Esse estado de paralisia diurna é comum aos vampiros, mas aqueles muito velhos são capazes de lutar contra ele e agir normalmente durante o dia. O próprio Conde é visto pelas personagens do livro em um parque em pleno dia em uma ocasião. E sim, isso implica que em Drácula vampiros não são afetados de forma alguma pela luz do Sol. Essa idéia do vampiro sendo morto pelo Sol possivelmente seja uma das heranças que o filme Nosferatu nos deixou.

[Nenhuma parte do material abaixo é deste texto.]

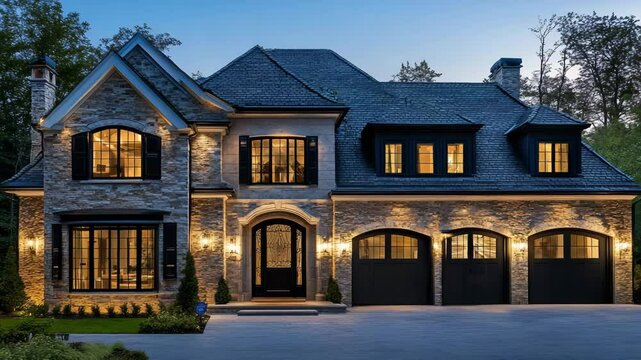 Luxury stone home facade at dusk with black shutters, dormer windows, and elegant garage doors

As fraquezas de Drácula são em essência três: sua dependência por beber sangue humano, que o rejuvenesce e fortalece; a necessidade de dormir na terra de seu túmulo, de longe a maior de suas fraquezas; e sua suscetibilidade aos símbolos religiosos.

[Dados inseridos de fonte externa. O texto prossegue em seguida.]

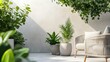 © P.G - Close-up of minimalist apartment terrace with potted plants, sleek furniture, and a plain, white wall background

Ele também possui diversos poderes, como andar nas paredes, virar névoa, transformar-se em animais como morcego e lobo, controlar feras e animais daninhos (não se limitando apenas a lobos, morcegos e ratos, mas incluindo também aranhas, moscas, pulgas, etc), e muitas outras. Em um ponto do livro Van Helsing lista várias habilidades que um vampiro pode possuir, algumas muito estranhas para nosso conceito comum, como a habilidade de diminuir de tamanho para passar por espaços minúsculos.

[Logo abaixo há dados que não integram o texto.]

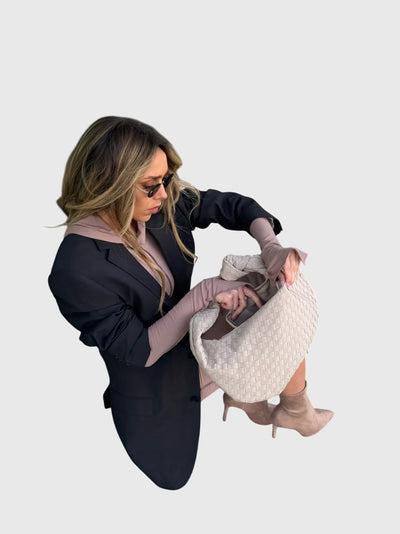 Celeste | Sac Moyen en Suède Tressée avec Nœud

Mas a habilidade mais interessante de Drácula talvez seja seu controle sobre a mente de suas vítimas. É verdade que na maior parte do tempo ele utiliza sua influência mental sobre pessoas mentalmente suscetíveis (como Reinfiled, paciente de um sanatório, e Lucy em seu estado de sonambulismo), mas parece ser capaz de fazê-lo facilmente sobre qualquer um de quem se alimenta. Sua influência também não se limita a um simples estado de comando temporário, muito pelo contrário. É quase um estado permanente, sendo capaz de controlar quando quiser aqueles a quem domou a mente. Mais do que isso, o vampiro cria uma ligação permanente com sua vítima e parece ser capaz de ver e ovir tudo aquilo que ela presencia. A ligação entre vampiro e vítima é tão forte que o inverso também acaba sendo possível, ainda que suas vítimas não tenham consciência disso (Van Helsing utiliza-se de hipnose em Mina para saber os passos do Conde).
Enfim, um livro muito interessante, cheio de boas idéias para tornar os vampiros de seus jogos um pouco mais desafiadores e surpreendentes para o seus jogadores, sem precisar fugir do esteriótipo clássico. E tudo isso mantendo o vampiro um monstro verdadeiro, e não meramente um humano que bebe sangue e com crise existencial.